In the 80's the group of riders with the highest fatality rate were the young men on sport bikes or rice rockets. Now it's the rich middle aged men who purchase large motorcycles as their first bikes. They simply get in over their head and end up blowing a corner, crossing a yellow line or attempting an unsafe pass. They typically don't have the skills to survive in the chemically altered cell phone distracted self entitled princess world we currently reside in. 

He needs to purchase a full face helmet, wear full protective clothing, take a safety course and buy a real F-ing motorcycle that actually fits his skill level. Sorry, but your husband is the type of guy I avoid like the plague when out riding because they are unpredictable on the road. 

HARLEYS ARE FOR DRUNK PIRATES!:rofl:


----------



## badcompany (Aug 4, 2010)

I know they are getting better, and that's good. But at least around here it's almost which crowd you want to hang with unfortunately. We wave to other bikers and ~1/4 the Harley guys flip us off in return. A bunch of them were jailed and the Harley shop got closed down in October, all caught dealing.
We joke about the oil stains in the bike spots in front of the bars, usually where the Harley's are sitting as our social ride rolls out.


----------



## SomedayDig (Jul 17, 2012)

badcompany said:


> I know they are getting better, and that's good. But at least around here it's almost which crowd you want to hang with unfortunately. We wave to other bikers and ~1/4 the Harley guys flip us off in return. A bunch of them were jailed and the Harley shop got closed down in October, all caught dealing.
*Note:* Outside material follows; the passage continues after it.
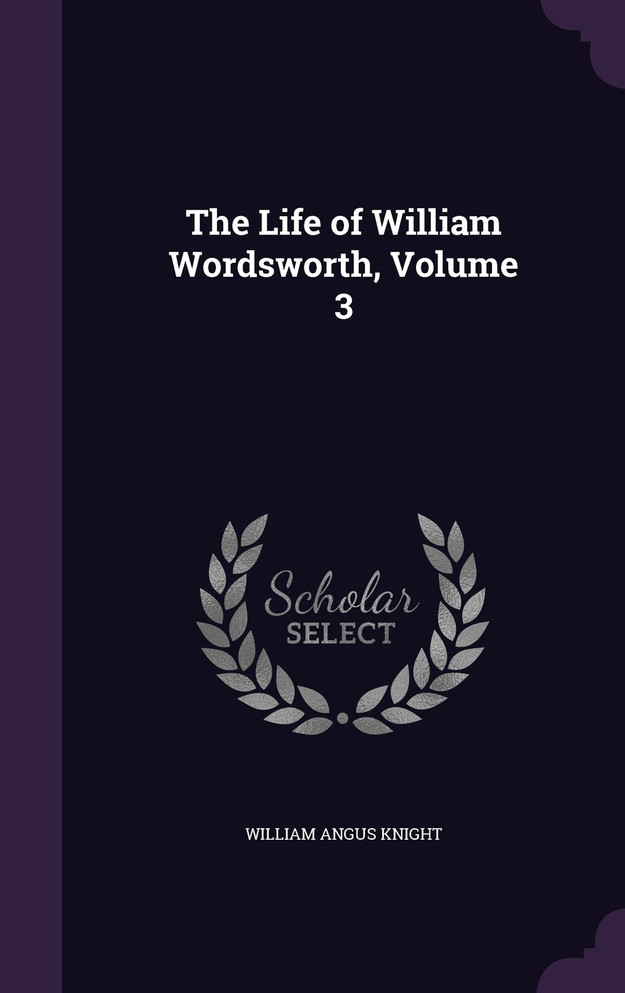 The Life of William Wordsworth, Volume 3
You're speaking of the Billy Badass guys. They are swooshbags. And most everyone I hang with laughs at them and their Sons of Anarchy shirts.


----------



## SomedayDig (Jul 17, 2012)

Enginerd said:


> I've been riding for 40 years and was raised in a 1% biker household. I've spent my whole life around all types of bikers and motorcyclists. There is a difference. Riding is dangerous and in part that's what makes it so damm fun. My family still rides including my sons. We ride with the full knowledge that we may die, but we all put in years riding dirt bikes and took safety courses before we ever rode on the street.
> 
> In the 80's the group of riders with the highest fatality rate were the young men on sport bikes or rice rockets. Now it's the rich middle aged men who purchase large motorcycles as their first bikes. They simply get in over their head and end up blowing a corner, crossing a yellow line or attempting an unsafe pass. They typically don't have the skills to survive in the chemically altered cell phone distracted self entitled princess world we currently reside in.
> 
> ...


I gotta agree...except for the DRUNK PIRATE comment!!! 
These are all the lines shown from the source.